Accountable and Reportable Institutions are required to report suspicious transactions and activities, as well as cash transactions over R24,999 in compliance with the Financial Intelligence Centre ACT (FIC Act or FICA).


The Financial Intelligence Centre (FIC) has published its 2019/2020 report tallying the amount of suspicious transactions reported by industry.

Unsurprisingly, the vast majority are made by Banks, however, digging deeper reveals perhaps just a small glimpse inside the current subterranean world of illicit transactions in South Africa.

Motor Vehicle illustration

Motor Vehicles

Motor vehicles show a high proportion of cash reports. Whilst you may buy and sell a car for cash, the minimum threshold of R24,999+ means older pre-owned vehicle sales by private sellers/buyers won’t be reported. However, there is a concern around the source of funds for higher-value transactions and this may have triggered the FIC to pay closer attention to these businesses over the last year – especially as motor dealers themselves noted a high level of suspicious activity.


Attorneys show a surprisingly high number of cash transactions considering their range of professional services, yet an equally unusual low number of suspicious activity reports. Considering the higher risk activities from asset sale and purchase to criminal defense litigation again, we suspect attorneys will soon be under the FIC spotlight.  Similarly, the gambling industry which is traditionally considered higher risk, processed a lot of cash reports, but much fewer suspicions. 

Attorneys illustration
Real Estate Illustration

Estate Agents

Estate Agents show a similar trend. Although it could indicate cash purchase of properties, you would expect to see a similarly high number of cash reports around attorneys transacting the transfer (though that may identify a weakness in attorneys reporting of cash entering their trust accounts). It may show that illicit funds are being used as rental payments for themselves, family or associates, perhaps under the assumption that paying cash to a rental agent would raise less suspicion or be immune to the duty to report.
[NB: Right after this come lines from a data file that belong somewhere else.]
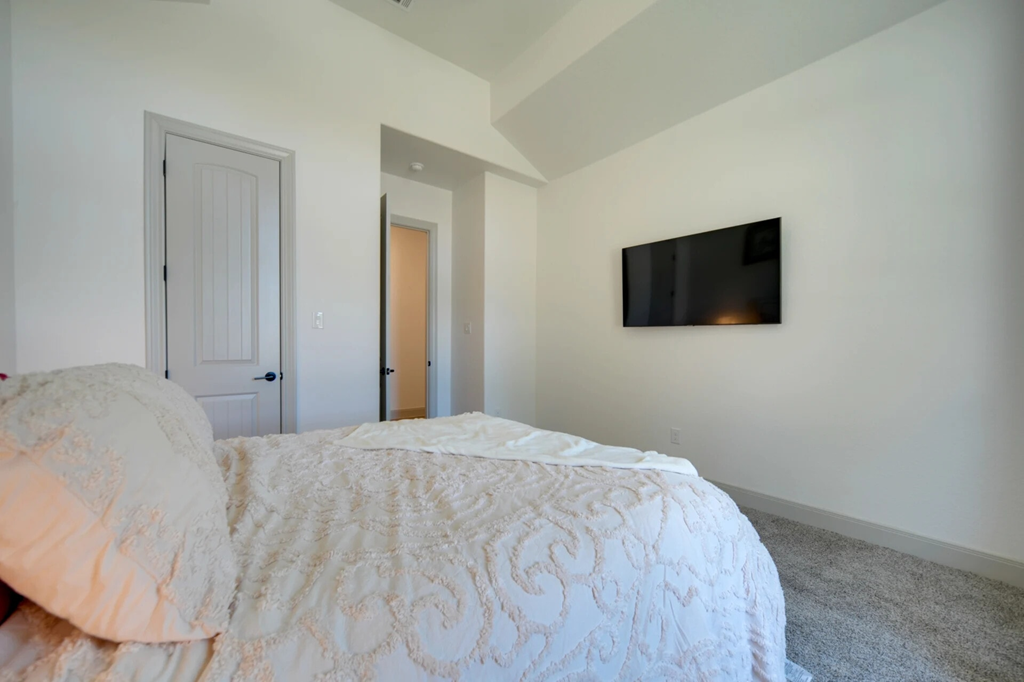 A bedroom with a bed, a door, and a television mounted on the wall.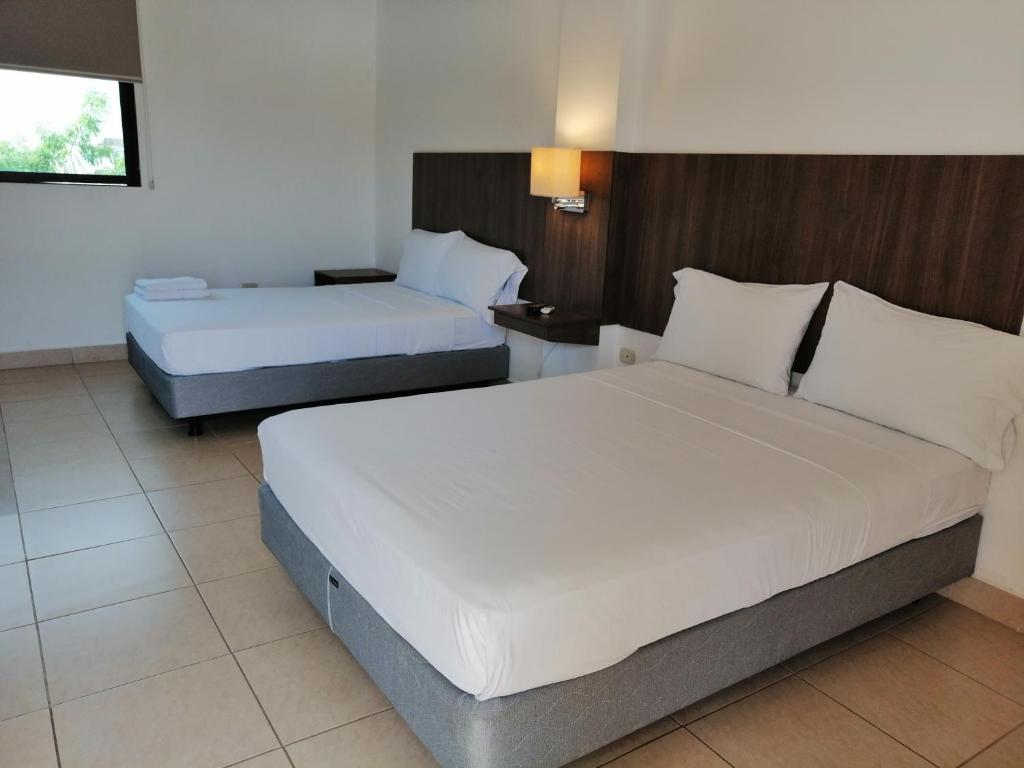 Postel nebo postele na pokoji v ubytování Buenavista Place Hotel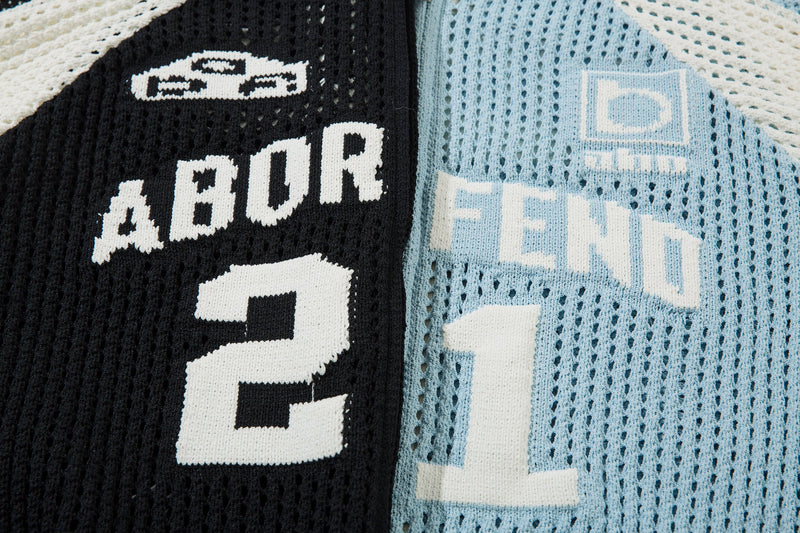 Close-up of light blue and black mesh knit jacket front lettering and chest logos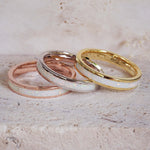 Three rings with white opal interior designs on a beige surface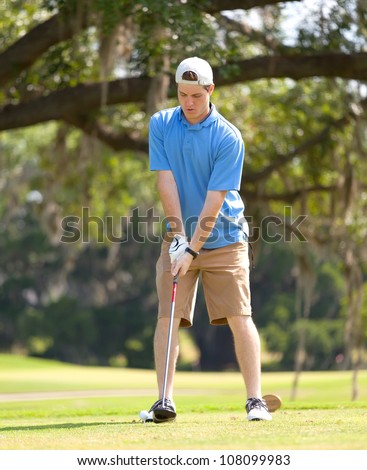 Young male golfer sets up to hit the ball from the tee box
Foreign Exchange Firms, Money Remitters and Postbanks

Foreign Exchange Firms, Money Remitters and Postbanks reported a relatively high level of cash threshold reports, but low numbers of suspicious reports. This is sometimes the effect of our high cash-based economy where local workers are paid in cash and then put into a day to day cash-based ATM account or send money abroad to support their families.

Foreign Exchange Illustration

Analysing these types of reports and statistics can produce valuable insight into the changing trends of financial crime in South Africa as well as the maturity and awareness of the controls in place to combat it.